[Dataset items]
--- START ---
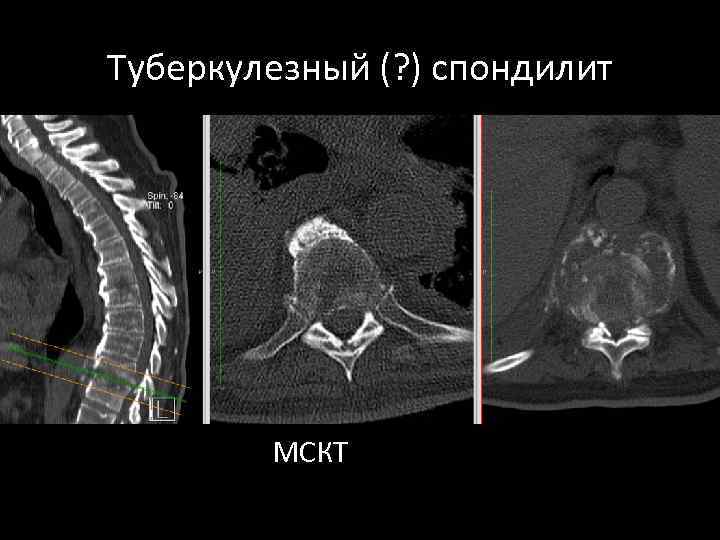 Туберкулезный (? ) спондилит МСКТ 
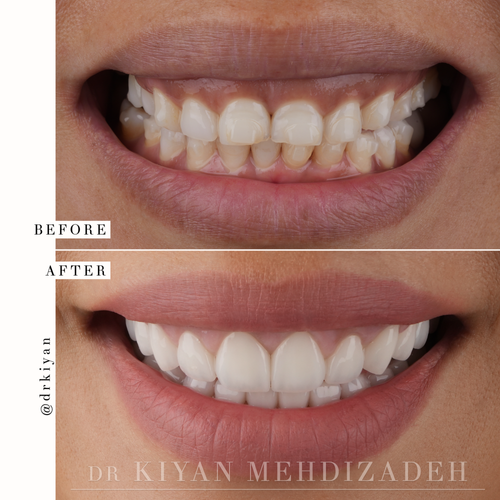 Gum lift and porcelain veneers before and after &mdash; Case Study 01 &mdash; Dr. Kiyan Mehdizadeh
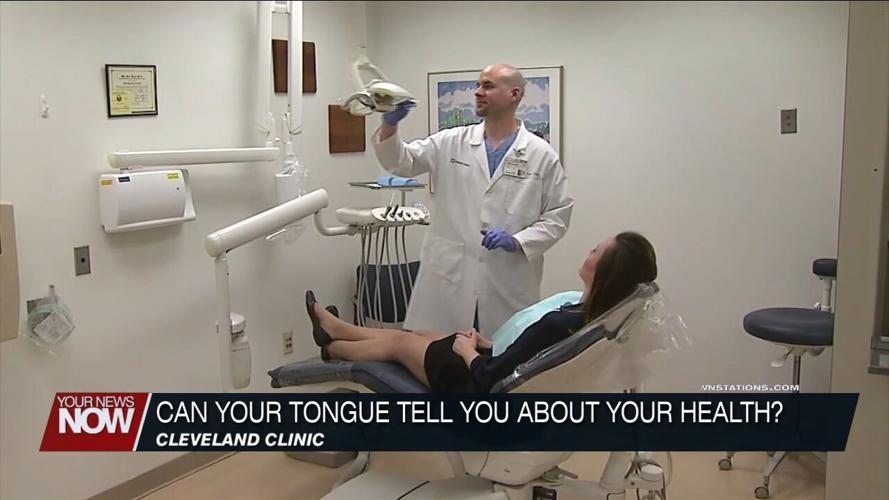 Your tongue can give insight into your health reveals doctor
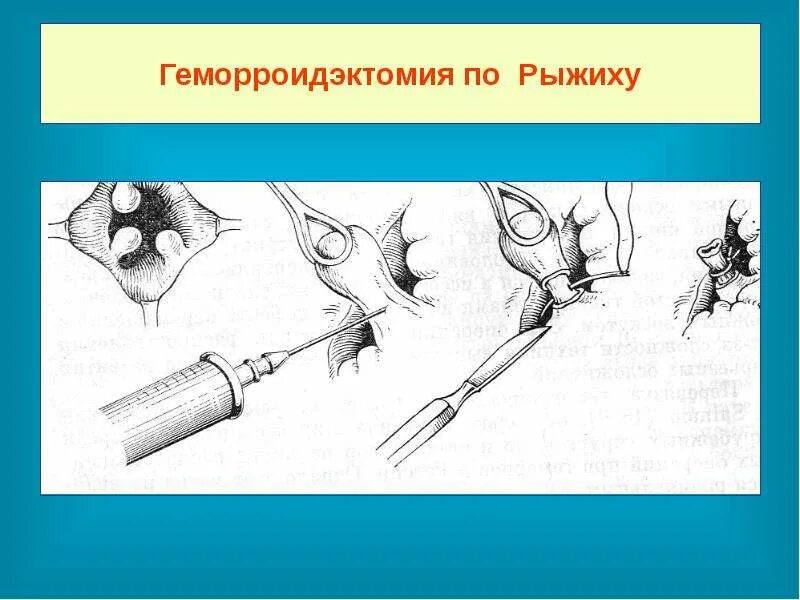 Хирургические заболевания прямой кишки. Геморроидэктомия Миллигана Моргана. Геморроидэктомия миллиган Морган. Операция геморроидэктомия. Миллигану Моргану операция геморроидэктомия.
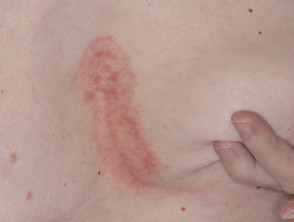 Sebopsoriasis of chest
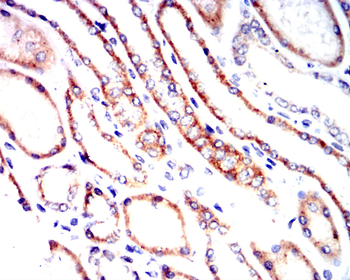 PIEZO1 Antibody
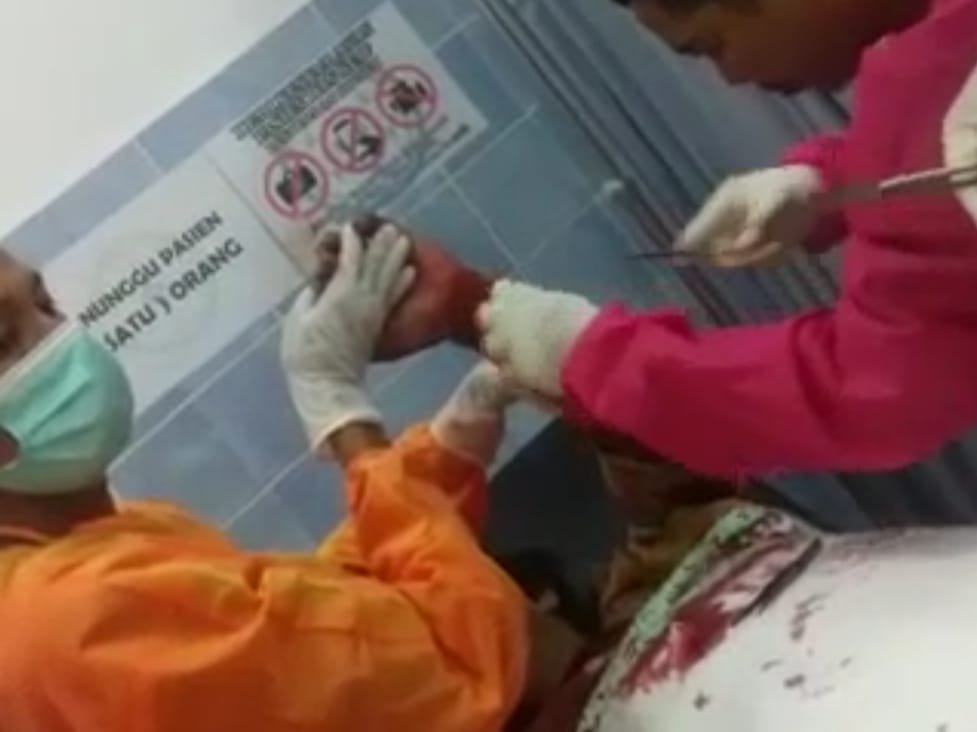 Duel Berdarah Di Sreseh Kabupaten Sampang, Dilarikan Ke RSUD Bangkalan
--- END ---
◆ **Assignment**
Set down every entry word for word, but omit the pictures.

◆ **Solution to this task**
 Туберкулезный (? ) спондилит МСКТ 
 Gum lift and porcelain veneers before and after &mdash; Case Study 01 &mdash; Dr. Kiyan Mehdizadeh
 Your tongue can give insight into your health reveals doctor
 Хирургические заболевания прямой кишки. Геморроидэктомия Миллигана Моргана. Геморроидэктомия миллиган Морган. Операция геморроидэктомия. Миллигану Моргану операция геморроидэктомия.
 Sebopsoriasis of chest
 PIEZO1 Antibody
 Duel Berdarah Di Sreseh Kabupaten Sampang, Dilarikan Ke RSUD Bangkalan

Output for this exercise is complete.